I think 100% code coverage is folly. Spreading tests so widely near-inevitably means they're also going to be thin. In any codebase I'm working on, I would focus my attention on testing functions which are either (a) crucially important or (b) significantly complex (and I mean real complexity, not just the cyclomatic complexity of the control flow inside the function itself).
Fully agree, but I never want to see a missed function argument programming error in customer facing code. In python you really do need code coverage to achieve this goal - static languages have some additional flexibility.
Or a rich suite of linters religiously applied. Never save a file with red lines in flymake or the equivalent. Ed: actually, I am unsure if my current suite would miss required parameters. I tend to have defaults for all but the first parameter or two, so not a big issue for me I guess. I do like a compile time check on stuff tho, one of the reasons I am doing more and more tools in Go.
I actually recently joined a startup working on this problem!

One of our products is a universal linter, which wraps the standard open-source tools available for different ecosystems, simplifies the setup/installation process for all of them, and a bunch of other usability things (suppressing existing issues so that you can introduce new linters with minimal pain, CI integration, and more): you can read more about it at http://trunk.io/products/check or try out the VSCode extension[0] :)
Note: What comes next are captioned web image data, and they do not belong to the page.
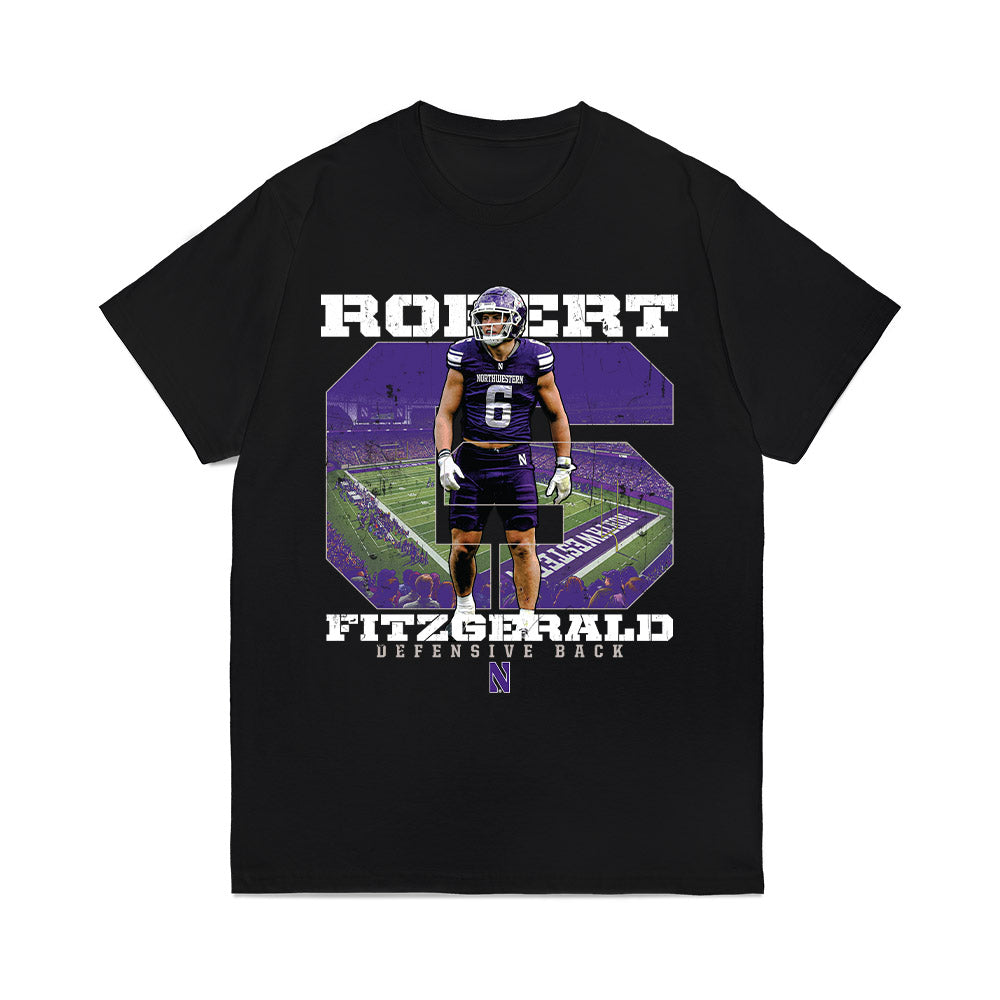Northwestern - NCAA Football : Robert Fitzgerald - Collage Comfort Colors T-Shirt-0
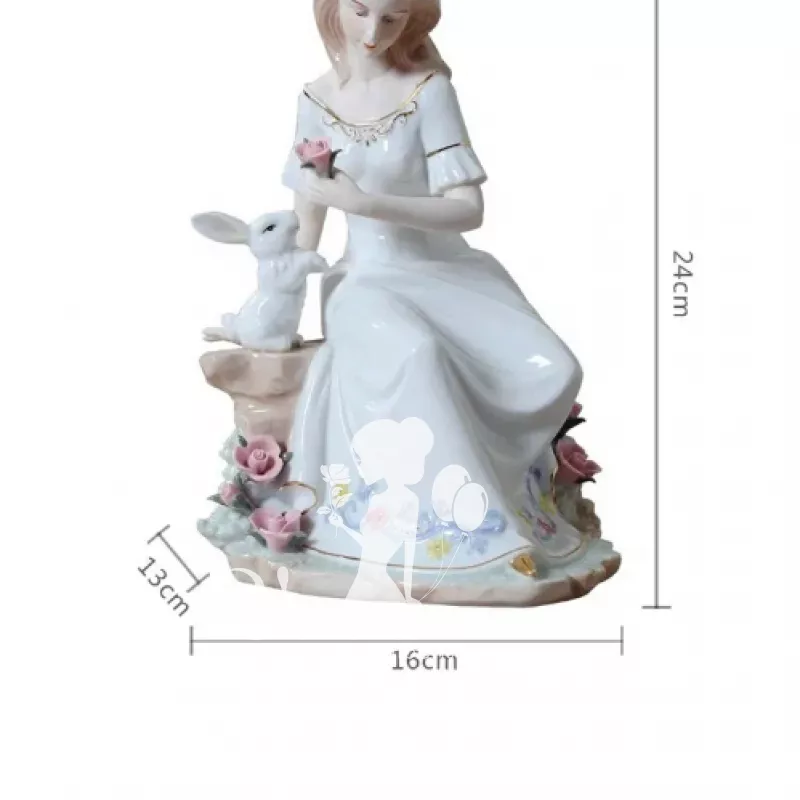 Сувенир керамика « Девушка с кроликом» 4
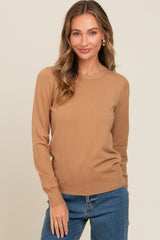 Camel Basic Soft Knit Maternity Sweater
[0] https://marketplace.visualstudio.com/items?itemName=Trunk.io

cool product :) it is just linting or do any of the tools do code transformation to offer the fix for the lint failure? (code review doctor also offers the fix if you add the github PR integration)
If a linter provides autofix suggestions, we will propagate it all the way back to the user!
This is basically linting, i.e. code analysis. The techniques used might be more current (as they have been evolving, as you say, for pattern matching) but linting is just that: a code review tool to find usual bugs. (This is what did happen in this blog post. It wasn't looking for unusual solutions but usual mistakes.) The packaging, form of the feedback seems also different and that in itself may make a lot of difference in ease of use and thus adoption.
Admittedly, the difference here is that codereview.doctor spent time tuning a custom lint on a variety of repos. In an org with a sufficiently large monorepo (or enough repos, but I don't really know how the tooling scales there) it's possible to justify spending time doing that, but for most companies it's one of those "one day we'll get around to it" issues.
yeah something like sonarqube or https://codereview.doctor (if you use GitHub)
Or people could just write it correctly in the first place! Controversial I know! Seems like people would rather half-ass things and then let some AI autocorrect fix it up for whatever reason rather than doing it properly.